George W. Brown, Jr., Beaumont, Tex., for appellant, Brown & Fulbright, Beaumont, Tex., of counsel.

Samuel C. Lipscomb, Beaumont, Tex., for appellee.

Before CAMERON, BROWN and WISDOM, Circuit Judges.

JOHN R. BROWN, Circuit Judge.


The overtaken vessel is appealing from a decree holding her guilty of mutual fault with the overtaking ship. The overtaking vessel, perhaps still unconvinced and undoubtedly unhappy, nonetheless acquiesced and no longer challenges the finding of fault against her. The sole controversy, then, is whether the overtaken vessel was guilty of any fault proximately causing the sinking. We conclude that the District Court erred and reverse. But in doing so, we do not credit that which the Judge discarded or reject that which he accepted. Disdaining any claim that we may, or should, retry the variables and nuances of this extended evidence, we give full range to the clearly erroneous concept formally promulgated under F.R.Civ.P. 52(a), 28 U. S.C.A. which, like some marine life, is now incrusted on the admiralty. McAllister v. United States, 1954, 348 U.S. 19, at pages 20-21, 75 S.Ct. 6, at pages 7-8, 99 L.Ed. 20, 1954 A.M.C. 1999; Bisso v. Waterways Transportation Co., 5 Cir., 1956, 235 F.2d 741, at page 743, 1956 A.M.C. 1760; Societa Anonima Navigazione Alta Italia v. Oil Transport Co., 5 Cir., 1956, 232 F.2d 422, at pages 423-424, 1956 A.M.C. 1073.

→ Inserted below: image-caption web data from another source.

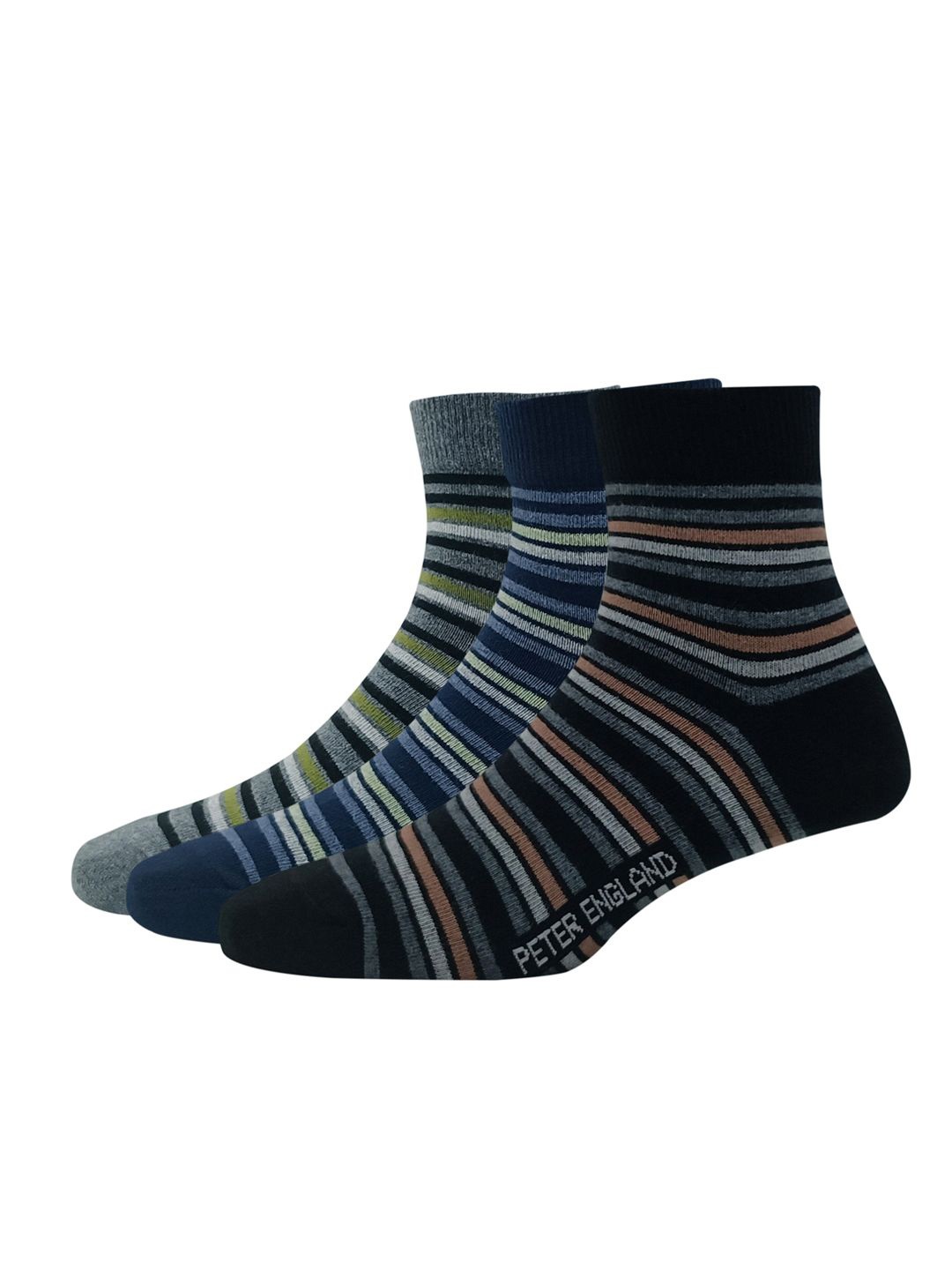 

Peter England Men Pack Of 3 Striped Cotton Quarter Length Socks, Black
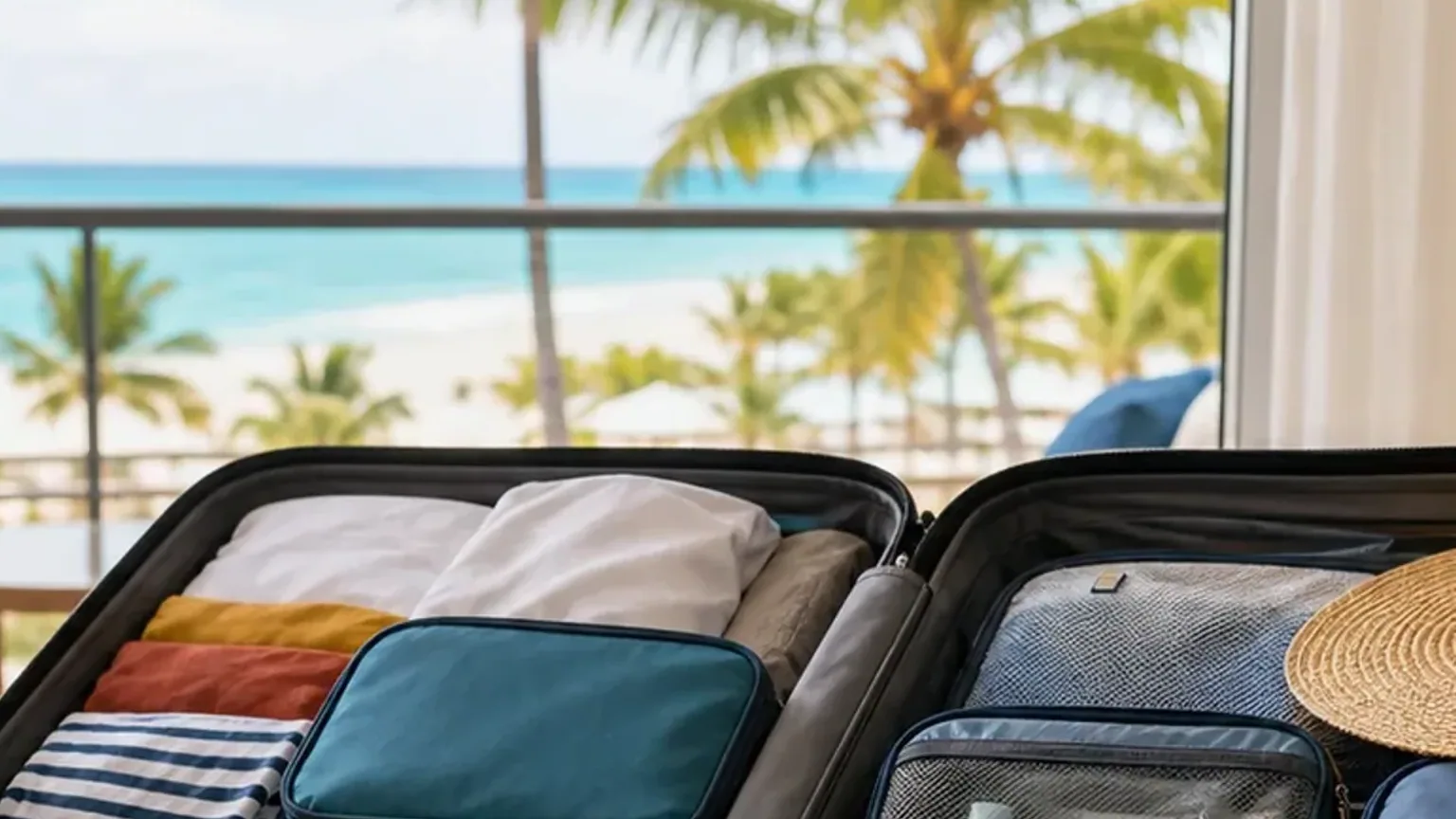 Cena fotográfica de mala e organização final antes de viajar para Punta Cana.
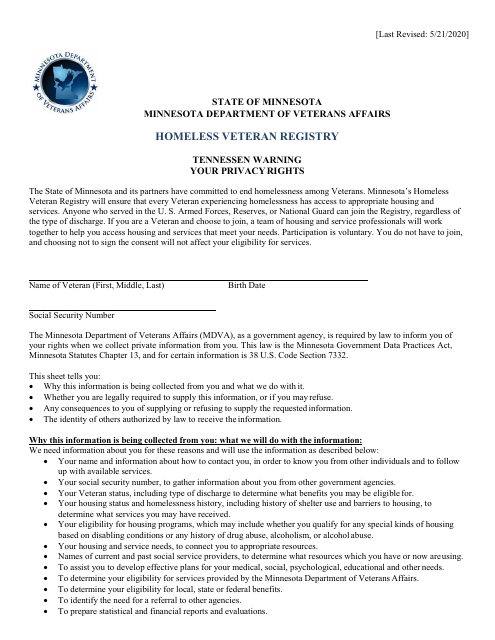 Homeless Veteran Registry Release of Information - Minnesota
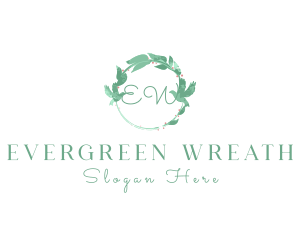 Dove Wedding Watercolor Wreath  logo design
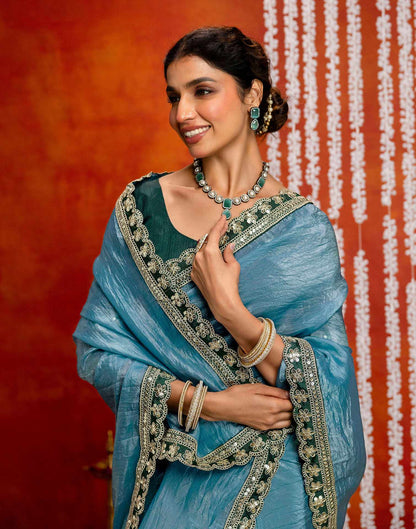 Teal Blue Crush Tissue Sequence Lace Saree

This simplifies greatly the brief review of the facts. The overtaken vessel is the Tug Lu Ann, a small 300-H.P. tug 45 feet long, 14 feet abeam of shallow draft and a one-foot freeboard aft. On the occasion of the sinking, she was towing on a 65-foot bridle and tow line three barges in tandem. The barges were light and riding high out of the water. The barges varied in width from 35 feet for the lead barge down to 28 feet. The lead barge was a chemical carrier with tanks on her deck. The tow had an overall length of about 650 feet. With the barges light, and the tug small and low in the water, it was impossible for the man at the wheel of the tug to see the tail end or alongside the tow. As occasion required, the tug would swing out slightly to her port or starboard to afford a view of the after end of the tow.


While the tow was westbound in the Sabine-Neches Waterway about 2:50 a.m. on November 16, the SS Saconnet was also westbound at a speed which would overtake the tow. The Saconnet is a T-3 tanker 501 feet in length. She was heavily laden with a draft of nearly 30 feet. The night was dark, cold, and there was a light drizzle. Visibility, however, seemed to be good. The Tanker had no difficulty in making out the lights of the Lu Ann which indicated that it was a tug pulling a tow. A brisk north wind of approximately 20 mph was blowing. It was known, therefore, that the wind would push the light barges toward the south bank so that the Saconnet would have to overtake the tow on the starboard side. About five minutes before the sinking the Saconnet blew a one-blast signal. She was then approximately three to four ship lengths from the stern of the tail barge. The channel in this area is quite wide, but to avoid some anticipated shoaling on the starboard (north) side, the Saconnet held to the middle or just to the left of the center of the deep water channel.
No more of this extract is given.